Along with the B-25 Mitchell, the B-26 Marauder was one of the two principal medium bomber types in US service in WW2. More B-25s were produced, and many more survive today – but, apparently, more of the B-26s were in use in the European theatre. That is certainly true of the Mediterranean in 1943 – three bomber groups were in operation, compared to two for the B-25. The B-25 had a longer range, and so more useful in the Pacific, I read. Still Catch-22, set in the Med, featured the B-25. The B-26 had a bit of a tricky reputation, as it required quite a high landing speed – and there were quite a few accidents in the early days. Tweaks to the design, and better training, overcame the problems, however, and the overall casualty rate was lower than the B-25 in the end. I guess that was because it was faster, and so harder to intercept. Anyway, to my eye it is much better looking, with its cigar-shaped fuselage, compared to the boxy B-25.
I wanted to make an aircraft as it would have appeared in September 1943, when B-26s supported the Salerno battle. That meant a plain olive drab and grey scheme, and no large battle number on the tail – so characteristic of later on (they were introduced a month or so after Salerno). The insignia had the red outline. I wanted to depict an actual aircraft, where I was limited by two main factors. First, the model depicts a later variant, with a distinctly different tail gun position (and may be differences too). That ruled out quite a few planes in operation in 1943. Second I wanted to be able to make up the tail numbers from as few sources as possible, including the original Airfix decals. This pointed me at number 41-34925 “Kismet” from 37th Squadron of 17th Bombardment Group. This plane survived the war, completing many missions. One tricky issue was nose art, which I was really not keen to get into. The illustration I found from Mark Styling showed this plane with quite simple nose art (apart from the many mission markers visible in later line). It has the word “Kismet” with further words “Sine Qua Non” in a curve below – all quite small and in yellow lettering. No cartoon characters, bombs or busty ladies. This would not have been impossible for me to put together and print off, though yellow printer ink would not have come out strongly without a bit of white ink to give it body – but I didn’t fancy doing it. Besides I noticed on pictures of planes in action in 1943 that nose art was often absent (see below) – so the model has nothing.
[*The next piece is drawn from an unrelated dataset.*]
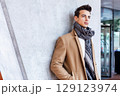 Stylish young man in coat and scarf outdoors 129123974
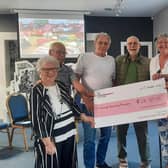 Pictured, from left to right, at the Carnlough Community Association funding presentation are: Patricia McConnell, chairperson; Dennis Corrigan, committee member; Greg White, member, Carnlough Bowling Club; Keith Cruttenden, treasurer; Geraldine Moorcroft, member, Arts Project and Mary Elizabeth, member, Croft Community Garden and Luncheon Club.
The first stage of the project was to paint and assemble the interior. The model came with three crew figures: two for the cockpit and one for the gun turret. I had already used on of the cockpit figures for my P-47, and since the remaining one would not have looked right next to one of the PJ figures, I put two from PJ in the cockpit. The turret figure was quite crude, with a huge circulardvice in place of his hands to provide a pivot for the guns. I decided to keep it, and in faction can’t see much through the turret plastic, so this didn’t matter. The online sources did not give any consistent colour for the interior, though it is usually represented as green – a mix with the chrome-yellow primer in use. I decided to follow another source, which said it was a mix of black and treated aluminium. You can barely see it though! The transparencies are quite thick, so visibility is not perhaps what it should be.
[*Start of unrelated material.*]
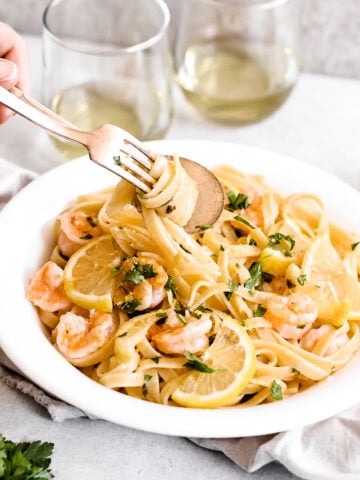 A bowl of Easy Shrimp Scampi with Linguine is topped with lemon slices and fresh herbs, while a hand twirls pasta on a fork. Two glasses of white wine are in the background, completing this inviting scene.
Assembly came next. This was much easier than for my P-38 model – the fit was generally OK, and there were lugs and recesses to hold parts in the right relative positions. Still it was not as tight as some more modern kits that I have assembled – though not the other two in this batch. I should have spent a bit more time filing down parts to get the fit a bit tighter, especially the bomb doors and the engine nacelles. Fairly liberal amounts of filler were needed in places, causing some of the panelling detail to be lost. – and I needed to use tape to keep the fuselage together while the cement was setting. One issue worth mentioning was transparencies. Except at the rear and nose I stuck these in before painting. The cockpit canopy because I wanted to use filler to ensure a seamless join with the fuselage; the various portholes, etc. because they had to be stuck in from the inside, and the turret because it looked too tricky to do later. These had to be masked. The main problem was that I used specialist glue for canopies – after problems with superglue causing damage – and these had weaker adhesive properties than I was used to. One of the side windows fell into the body of the fuselage, and could not be recovered. I had to bodge a replacement carved from sprue. I had to do something similar to one of the wing lights which I dropped on the floor and couldn’t find. Incidentally in the kit there are windows for the two openings at the bottom back of the fuselage, just under the tailplanes. In 1943 these openings were ports for a machinegun, so I left the transparencies out – though I did not attempt to show include the weapon.
I have already outlined the strategy for painting and finishing. The decals required were minimal. I got the national insignia with the red outlines from eBay. The tail numbers were a combination from the original model and an ancient Airfix P-47 kit (which were slightly duller – which I tried to correct with a bit of yellow paint). The overall result is a bit darker and greener than often depicted (for example in the box art above) – though I think the artificial light mixed in with the natural light in the picture makes it a bit greener. It is meant to show a relatively new plane, not quite as weathered as normal. Here is a new contemporary picture of planes from 17 BG in flight:
These are planes returning from a raid on Sardinia in November 1943, shortly after the big battle numbers on the tail were added; No. 17 (Uden Uden’s Oil Burner) has a damaged engine from flak and is limping home, escorted by the others (from a different squadron) – it did make it to safety and went on the complete many more missions. Both it and 97 behind it were candidates for my model, but the tail numbers weren’t as easy to source. Incidentally I can’t see any nose art on either the plane – though the front plane at least was photographed later in the war with nose are on both sides. Sometimes it was just on the port side. This picture shows the slightly weather-beaten matt look, with not much contrast between the olive drab and grey. No 17 has a lot of paint damage on the tail, but not much elsewhere.
And here’s the underside:
The weathering is a bit heavy-handed – but I have no photos of what it would have looked like in practice. The underside did get a hammering from the dust airstrips – but I don’t know how that looked!
There’s plenty on the model that could have been done better – but I’m glad its decades in the attic weren’t in vain!